Pyongyang: A Journey in North Korea – Guy Delisle

It’s been six years since I read Guy Delisle’s Burma Chronicles and was ambivalent about it. When picking up a selection of graphic novels at the library recently, I decided it was time I gave him another chance and borrowed Pyongyang: A Journey in North Korea, since North Korea is interesting. I sort of regret it now, but I won’t give him the benefit of the doubt again. Because all the stuff that bothered me in the Burma Chronicles bothered me even more in Pyongyang, and it was joined by a casual racism (calling the performing children “savant monkeys”!) and blatant misogony that completely undermines any point Delisle may have had to make. I mean, who recounts a series of torture techniques in drawing and writing and then writes this down and thinks, “Yeah, that’s the vibe I’m going with”?

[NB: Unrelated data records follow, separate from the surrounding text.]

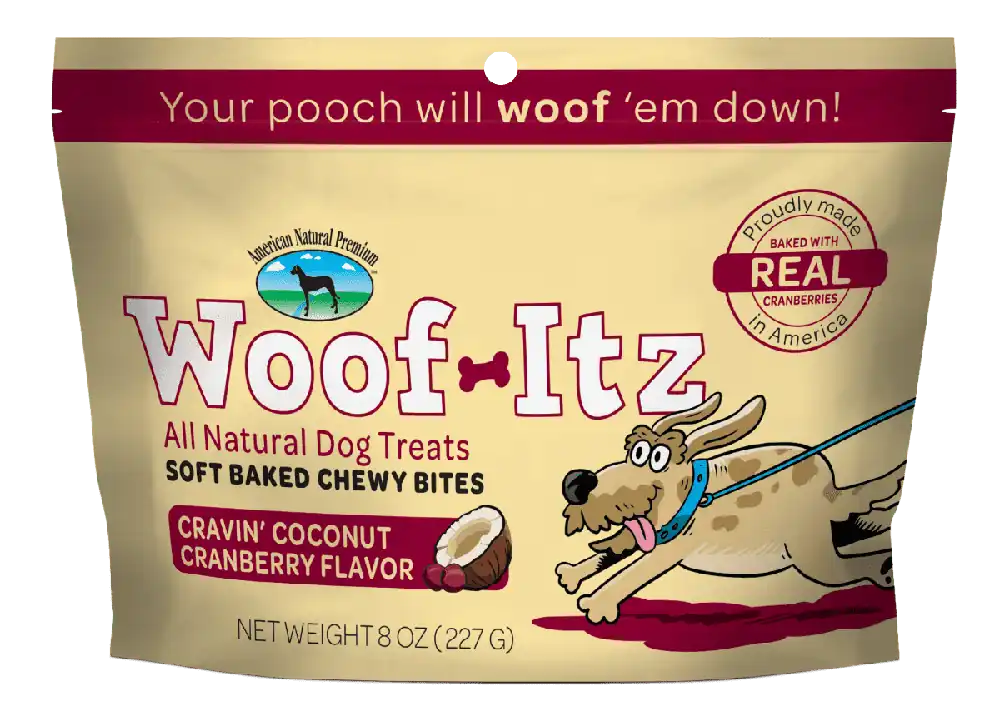 Woof-Itz Cravin’ Coconut Cranberry Dog Treats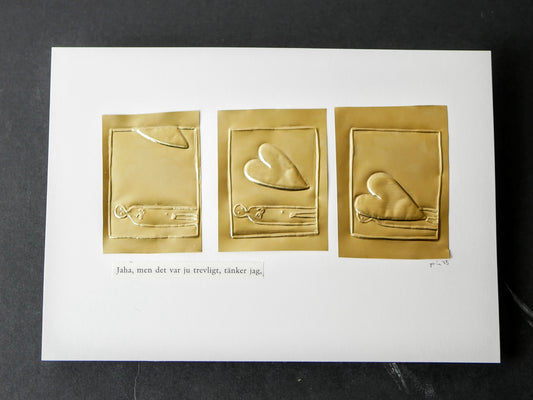 Trevligt | Mässingsbild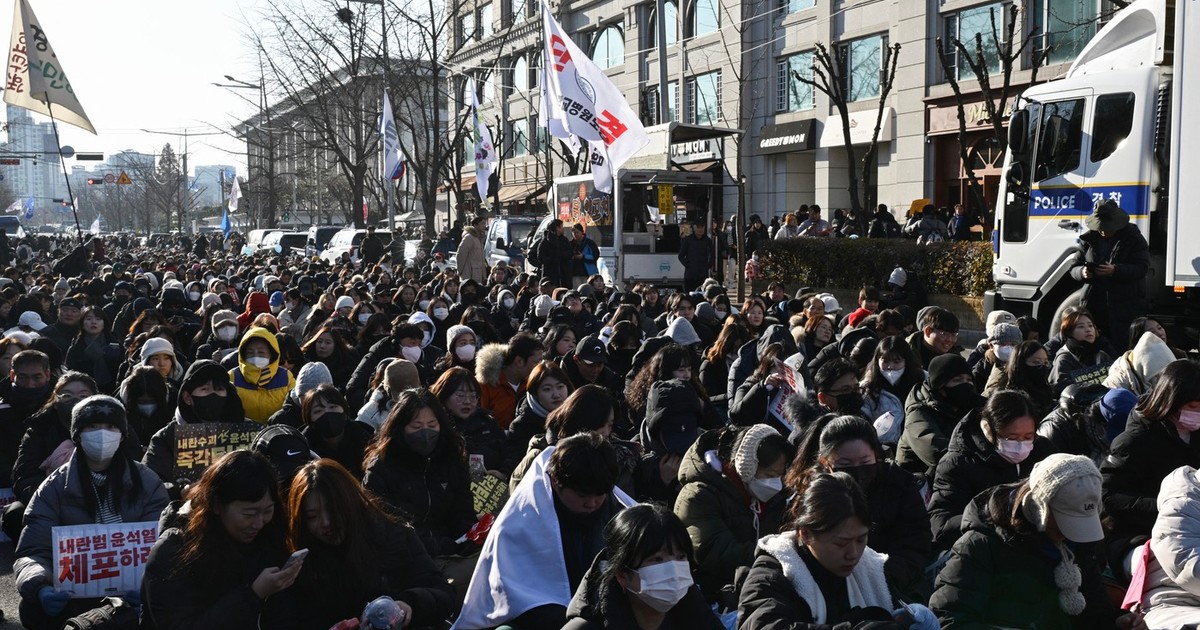 protestatari in seul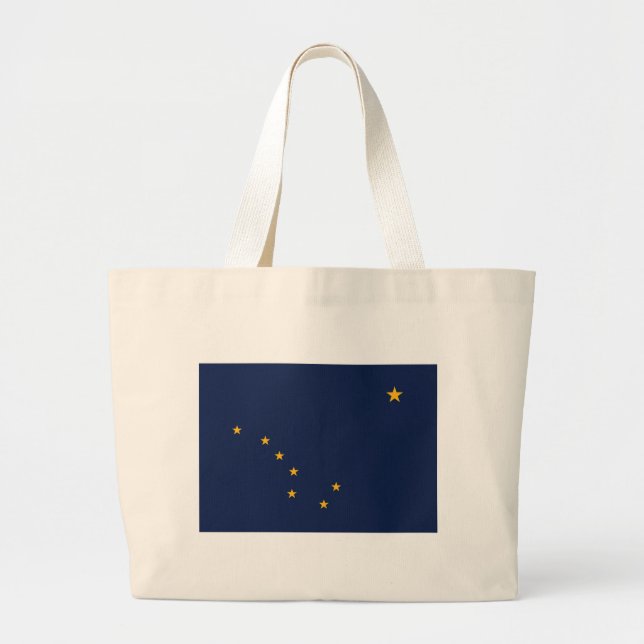 Bolsa con bandera del estado de Alaska - Estados U (Frente)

Delisle arrives in North Korea for a six week stay, supervising the production of cartoons his employer has outsourced for cheap labour. The sequences where Deslisle tries to explain why a scene needs to be redone affirms my impression that outsourcing creates so much more labour that you would be lucky to actually save any money, but that is not something Deslisle addresses (or: if addressing it was his intention, it gets lost along the way). He seems instead to use the examples purely to reinforce the image of the North Koreans as intellectually inferior, which permeats the whole narrative.

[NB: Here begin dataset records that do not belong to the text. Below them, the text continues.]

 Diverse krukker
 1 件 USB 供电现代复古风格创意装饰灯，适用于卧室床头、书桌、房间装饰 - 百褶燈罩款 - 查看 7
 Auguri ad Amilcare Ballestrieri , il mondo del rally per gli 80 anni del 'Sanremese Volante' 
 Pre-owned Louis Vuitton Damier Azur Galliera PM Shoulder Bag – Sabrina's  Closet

You’d think an intelligent man would consider whether the reason the North Koreans he talks to never criticise the regime they are living in is simple caution and life-preserving instinct, but instead he seems to think that they are… stupid? Brain-washed enough to actually believe the propaganda they feed him? And like in the Burma Chronicles he doesn’t seem to consider that he may be putting others at risk with his behaviour. He gives 1984 to one of his guides to read, for example, as if for a social experiment. Now, I have noe idea whether 1984 is a banned book in North Korea, but it wouldn’t exactly surprise me if it were, and what exactly happens to people caught with banned books in authoritarian regimes, again?

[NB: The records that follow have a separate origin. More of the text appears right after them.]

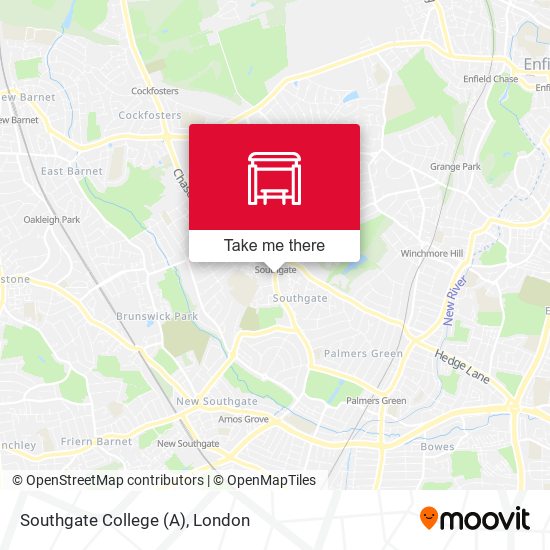 Southgate College (A) map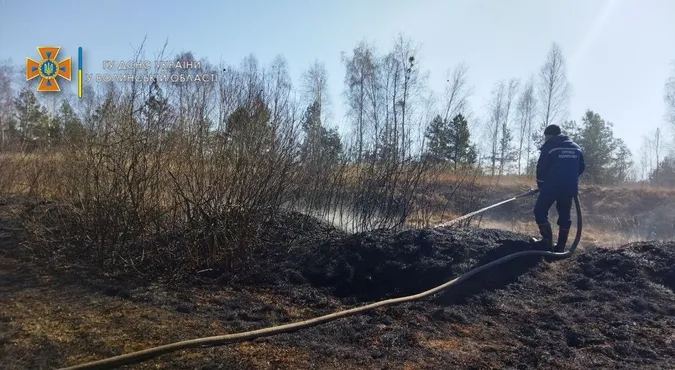 На Волині невідомі підпалили торф’яник (фото)
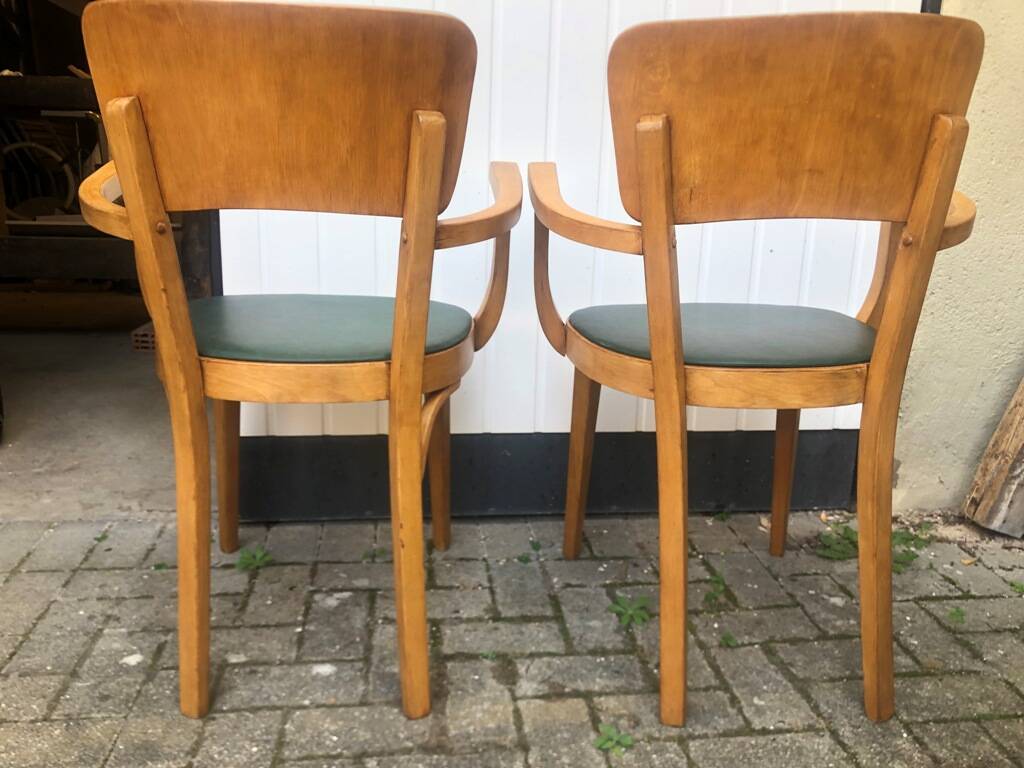 2 60s Baumann armchairs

It’s a pity, too, because I still really like Delisle’s drawing style and there are definitely some great scenes in the book, too. He finds himself at a picnic on a trip to a museum:

The moment touches on something that is not only quite charming, but possibly quite profound, too. But it flickers out again and descends into “white tourist mode” again.

I could have saved myself the trouble had I bothered to read the reviews on Goodreads before starting the book, so if you’d like more examples, go have a nosey. I’m hardly the only one who’ve ended up wanting to throw the book across the room, it seems.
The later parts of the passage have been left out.